The first evidence of this is the casework of the Linn Klimax Twin power amplifier ($8995) and Klimax Kontrol preamplifier ($9895), each of which is—like a good fly reel—precision-machined from great, heaping chunks of high-purity aluminum alloy. Linn uses the word clamshell to describe these, conjuring images of elegant and very expensive wristwatches—and I suppose that's appropriate. More to the point is the way these surprisingly heavy two-piece enclosures caress the parts inside, drawing away heat and preventing them from vibrating. As with the Klimaxes' companion CD player, Linn's top-of-the-line CD12, the precision with which the two enclosure halves fit together is astonishing. The Klimax design team says the casework even has a significant musical and sonic influence.

The low-slung Klimaxes are squarish when viewed from above, being just a little larger than an LP sleeve. The amp looks positively serene: a clean sweep of metal disturbed only by a neat row of 14 curvy slits on the top for cooling, and a small, crescent-shaped recess for an indicator light on the front. The preamp has a solid top and sports only six tiny, shiny buttons on its front panel (all of whose functions are duplicated, and then some, on the standard remote-control handset), plus a larger, crescent-shaped recess in the form of a dark Plexiglas display screen. As with the CD12, the size and location of the display was chosen to mimic and complement the styling of Linn's companion turntable, the LP12: The dark curve is meant to remind one of the LP12's platter and mat, seen from a three-quarters view.
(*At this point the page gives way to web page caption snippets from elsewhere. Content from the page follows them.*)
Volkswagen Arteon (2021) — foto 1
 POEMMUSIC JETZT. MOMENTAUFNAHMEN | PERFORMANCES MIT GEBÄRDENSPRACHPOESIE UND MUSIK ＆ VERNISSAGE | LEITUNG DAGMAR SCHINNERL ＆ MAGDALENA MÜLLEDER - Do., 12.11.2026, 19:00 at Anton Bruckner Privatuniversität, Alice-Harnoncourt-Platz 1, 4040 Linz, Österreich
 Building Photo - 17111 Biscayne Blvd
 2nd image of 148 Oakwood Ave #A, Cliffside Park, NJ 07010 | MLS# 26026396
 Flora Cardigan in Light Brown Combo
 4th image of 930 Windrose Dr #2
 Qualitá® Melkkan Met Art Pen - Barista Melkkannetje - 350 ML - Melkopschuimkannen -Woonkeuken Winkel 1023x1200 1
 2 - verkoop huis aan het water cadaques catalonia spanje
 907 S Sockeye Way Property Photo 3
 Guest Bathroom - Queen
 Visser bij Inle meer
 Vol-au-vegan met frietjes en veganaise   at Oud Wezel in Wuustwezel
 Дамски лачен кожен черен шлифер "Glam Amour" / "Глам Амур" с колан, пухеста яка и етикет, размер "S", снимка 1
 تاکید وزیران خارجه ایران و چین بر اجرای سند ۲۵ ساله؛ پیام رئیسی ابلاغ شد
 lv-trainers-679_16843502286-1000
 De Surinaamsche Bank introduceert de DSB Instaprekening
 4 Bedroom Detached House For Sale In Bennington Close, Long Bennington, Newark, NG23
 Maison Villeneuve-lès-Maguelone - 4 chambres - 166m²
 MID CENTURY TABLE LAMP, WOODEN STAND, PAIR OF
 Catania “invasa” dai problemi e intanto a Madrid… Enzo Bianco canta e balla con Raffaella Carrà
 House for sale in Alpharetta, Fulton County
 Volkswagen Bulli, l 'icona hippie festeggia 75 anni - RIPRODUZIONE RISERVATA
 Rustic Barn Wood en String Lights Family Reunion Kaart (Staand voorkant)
I have one of those, too, and can confirm that Linn's old and new products do look very smart sitting next to one another.

The preamp's display has a sharp blue readout to tell you about loudness, balance, source selection, standby status, and other such things; the sophisticated logic circuitry behind it lets you adjust individually such things as relative gain and balance settings for each source. Say, for example, you have a phono cartridge whose output is a little lower in one channel than the other, or a CD player with a slightly higher output than average, and you want to be able to switch between these and other sources without having to readjust balance and loudness every time. No problem: It takes just a few moments to program the Klimax Kontrol accordingly, using various keys on the remote.

You can further customize each source selection by using the handset to enter a name of up to eight characters. I've set up my sample to read "SONY 777" on input 1 and "LINNLP12" on input 2; the name on input 3 has alternated so far between two rude and immature suggestions, neither of which has yet ceased to amuse me. Parents: Take note.

The Klimax Kontrol has balanced ins and outs, and needs to be programmed by its user to determine which of the rear-mounted input jacks a given source is connected to, choosing from among one pair of balanced inputs (XLRs) and three pairs of unbalanced inputs (gold-plated RCAs). I had no true balanced sources to hand, but I did use the Klimax Kontrol's balanced outputs with the similarly balanced-design Klimax Twin amplifier.